The Rise of Christian Terrorism: Fear Based Religion

I admit that can be hard on the church from time to time, but this is in part because I believe that we have such a grave responsibility to bear peace and reconciliation to the world.  In this way I tend to enjoy people like Stanley Hauerwas, John Howard Yoder, Brian McLaren or Tony Campolo, all of which tend to present their particular messages towards the church in order to help “straighten it out.”

This may be very presumptuous of these people to think they have enough clarity to speak to the church, but if so I can accept that.  This post is directed at one part of the church that in all fairness makes it hard for me personally to even call “the church” at all.

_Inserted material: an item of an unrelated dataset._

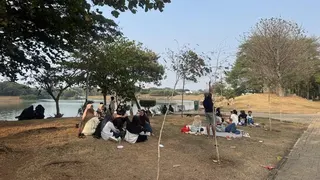 Ada Pohon Khas Afrika, Taman Waduk Ria Rio Ramai Jadi Spot Nyore Warga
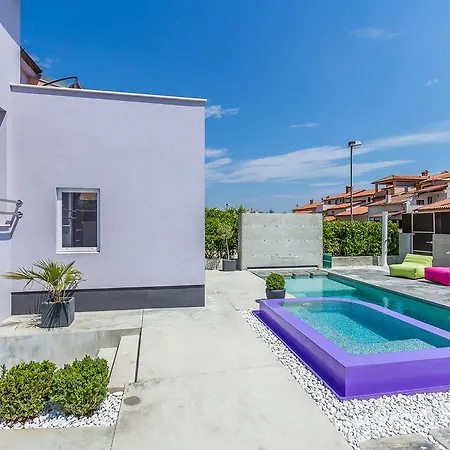 بيت للعطل House Moderna بولا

Over the past few months I’ve seen enough stuff on the news, and read enough blogs about people who are reportedly Christians talking about faith that is fueled and formed by fear, scare tactics, violene and a merciless God.  I have found an eye-opening and thoughtful critique on the subject, albeit somewhat angry and difficult to hear.  The point is the world is listening to these flagrant Christians who seem more likely to get media attention than its more peaceful counterparts.  I suppose their sensationalism does make it more interesting for the Television.  I am writing to say, we the rest of the church, are aware and don’t approve of these groups at all.

Some of these Christians are now being referred to as “Christian Terrorists” and I wonder whether this is an accurate description of what’s going on.

A common understanding of terrorism is found over at the wikipedia article on the subject, which says,

“Terrorism refers to a strategy of using violence, or threat of violence targeted against non-combatants to generate fear, cause disruption, and ultimately, to bring about compliance with specific political, religious, ideological, and personal demands.[1] The targets of terrorist attacks typically are not the individuals who are killed, injured, or taken hostage, but rather the societies to which these individuals belong.”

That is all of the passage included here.